Task to complete: Your response should be an exact transcription of the data, images excluded.
═══ Input data
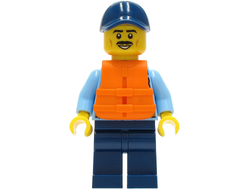 Police - City Officer Shirt with Dark Blue Tie and Gold Badge, Dark Tan Belt with Radio, Dark Blue Legs, Dark Blue Cap, Orange Life Jacket, n/a (cty1279)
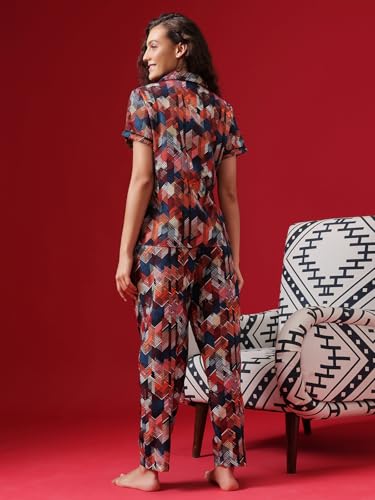 Image of Clovia Women's Cotton Printed Button Down Shirt & Pyjama Night Suit Set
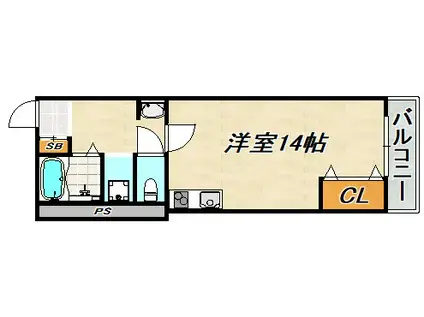 メゾンALL-IN(ワンルーム/3階)の間取り写真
══════
Completed task:
 Police - City Officer Shirt with Dark Blue Tie and Gold Badge, Dark Tan Belt with Radio, Dark Blue Legs, Dark Blue Cap, Orange Life Jacket, n/a (cty1279)
 Image of Clovia Women's Cotton Printed Button Down Shirt & Pyjama Night Suit Set
 メゾンALL-IN(ワンルーム/3階)の間取り写真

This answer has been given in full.